■ What to produce ■
Once the line holding "الفيلة و طقوسها الجنائزية" is found in the entries below, transcribe exactly every line up to and including the one holding "דירה Living-apartment-mit-kamin-und-terrasse דרזדן", but leave out the pictures.

** Opening Source records block **

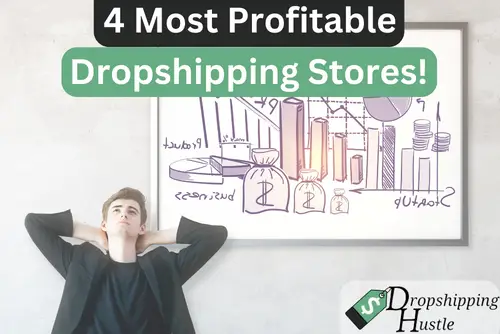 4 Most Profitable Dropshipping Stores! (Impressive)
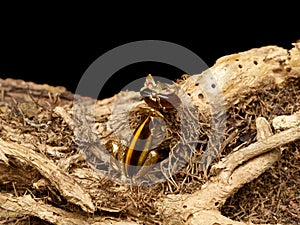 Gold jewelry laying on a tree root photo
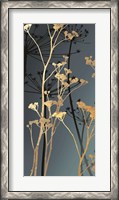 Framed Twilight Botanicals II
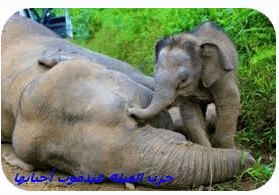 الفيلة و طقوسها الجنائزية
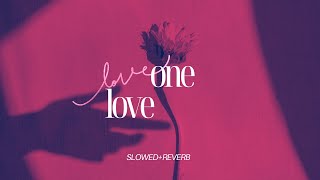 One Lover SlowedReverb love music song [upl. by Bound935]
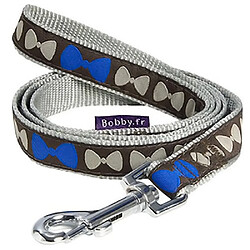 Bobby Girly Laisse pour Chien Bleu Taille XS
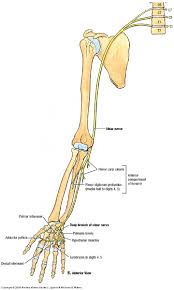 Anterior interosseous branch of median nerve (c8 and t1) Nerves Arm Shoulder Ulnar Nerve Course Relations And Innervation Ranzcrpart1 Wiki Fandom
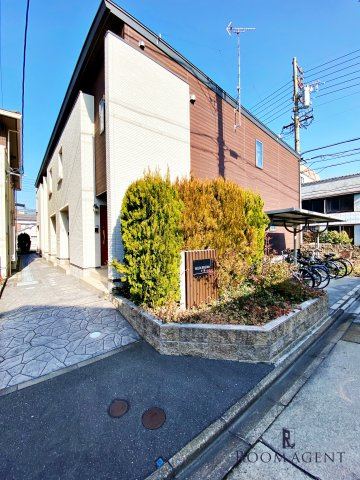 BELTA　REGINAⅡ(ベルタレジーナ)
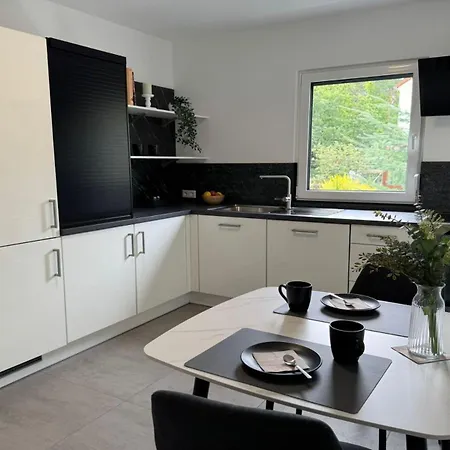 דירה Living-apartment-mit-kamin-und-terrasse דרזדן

** Closing Source records block **
** Opening Source records block **

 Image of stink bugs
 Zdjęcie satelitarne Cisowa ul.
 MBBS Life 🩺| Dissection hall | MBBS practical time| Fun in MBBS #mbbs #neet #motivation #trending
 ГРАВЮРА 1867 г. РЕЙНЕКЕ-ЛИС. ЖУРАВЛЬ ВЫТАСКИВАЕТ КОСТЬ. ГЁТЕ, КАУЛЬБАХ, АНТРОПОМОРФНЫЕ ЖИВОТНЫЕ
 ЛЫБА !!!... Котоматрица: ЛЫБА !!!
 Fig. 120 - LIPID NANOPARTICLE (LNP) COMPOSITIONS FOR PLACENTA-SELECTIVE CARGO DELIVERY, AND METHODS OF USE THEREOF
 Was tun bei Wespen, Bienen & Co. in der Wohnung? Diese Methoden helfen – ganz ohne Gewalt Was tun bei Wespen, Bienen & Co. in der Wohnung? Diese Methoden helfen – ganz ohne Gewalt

** Closing Source records block **

■ Task result ■
 الفيلة و طقوسها الجنائزية
 One Lover SlowedReverb love music song [upl. by Bound935]
 Bobby Girly Laisse pour Chien Bleu Taille XS
 Anterior interosseous branch of median nerve (c8 and t1) Nerves Arm Shoulder Ulnar Nerve Course Relations And Innervation Ranzcrpart1 Wiki Fandom
 BELTA　REGINAⅡ(ベルタレジーナ)
 דירה Living-apartment-mit-kamin-und-terrasse דרזדן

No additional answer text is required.